NATHAN NG, University of Lethbridge
Simple zeros of modular L-functions  [PDF]

An old problem in analytic number theory is to show that an L-function possesses simple zeros. Thanks to work of Levinson and Bauer, it is known that any degree one L-function has infinitely many simple zeros. For degree two L-functions there are fewer results known. In this talk I will present some recent work which establishes the existence of infinitely many simple zeros for the L-functions attached to certain modular forms.

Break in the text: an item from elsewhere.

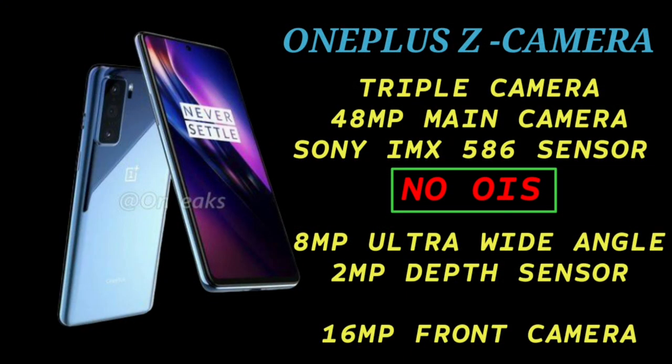Now let's look at the camera. The OnePlus 8 uses the Sony IMX586 sensor. In this OnePlus Z/8 Lite smartphone, there is also a Sony IMX586 sensor, which is a capable mid-range camera sensor.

This is joint work with M.B. Milinovich.

DAMIEN ROY, University of Ottawa
On rational approximation to real points on conics  [PDF]

Let $q(x_0,x_1,x_2)$ be a homogeneous polynomial of degree 2 in 3 variables, with rational coefficients. Assume that $q$ admits a non-trivial real zero and that $q$ is irreducible over the field $\mathbb{Q}$ of rational numbers. Denote by $U$ the set of real zeros of $q$ having $\mathbb{Q}$-linearly independent coordinates. We show that

a) each point in $U$ has an exponent of uniform rational approximation between $1/2$ and $1/\gamma \cong 0.618$, where $\gamma$ denotes the golden ratio,

b) the elements of $U$ for which the upper bound is achieved form an infinite countable set.

For $q(x_0,x_1,x_2) = x_0x_2 - x_1^2$, the statement a) is due to Davenport and Schmidt (1967) while b) is due to the author (2003). When $q$ is irreducible over $\mathbb{R}$ and admits a non-trivial rational zero, we are quickly reduced to that case. Otherwise, the proof of a) is simpler, but the existence of "extremal" points in b) requires additional tools.

MICHAEL RUBINSTEIN, University of Waterloo
Experiments with the explicit formula  [PDF]

The explicit formula relates the zeros of an L-function with its logarithmic derivative. I'll describe some experiments that I have carried out with the explicit formula.

KATHERINE STANGE, Stanford University
Integral points on elliptic curves and explicit valuations of division polynomials  [PDF]

Assuming Lang's conjectured lower bound on the heights of non-torsion points on an elliptic curve, we show that there exists an absolute constant $C$ such that for any elliptic curve $E/\mathbb{Q}$ and non-torsion point $P$ in $E(\mathbb{Q})$, there is at most one integral multiple $[n]P$ such that $n > C$. The proof is a modification of a proof of Ingram giving an unconditional but not uniform bound. The new ingredient is a collection of explicit formulae for the sequence of valuations of the division polynomials. For $P$ of non-singular reduction, such sequences are already well described in most cases, but for $P$ of singular reduction, we are led to define a new class of sequences called elliptic troublemaker sequences, which measure the failure of the Néron local height to be quadratic. As a corollary in the spirit of a conjecture of Lang and Hall, we obtain a uniform upper bound on the height of integral points having two large integral multiples, in terms of the height of the curve.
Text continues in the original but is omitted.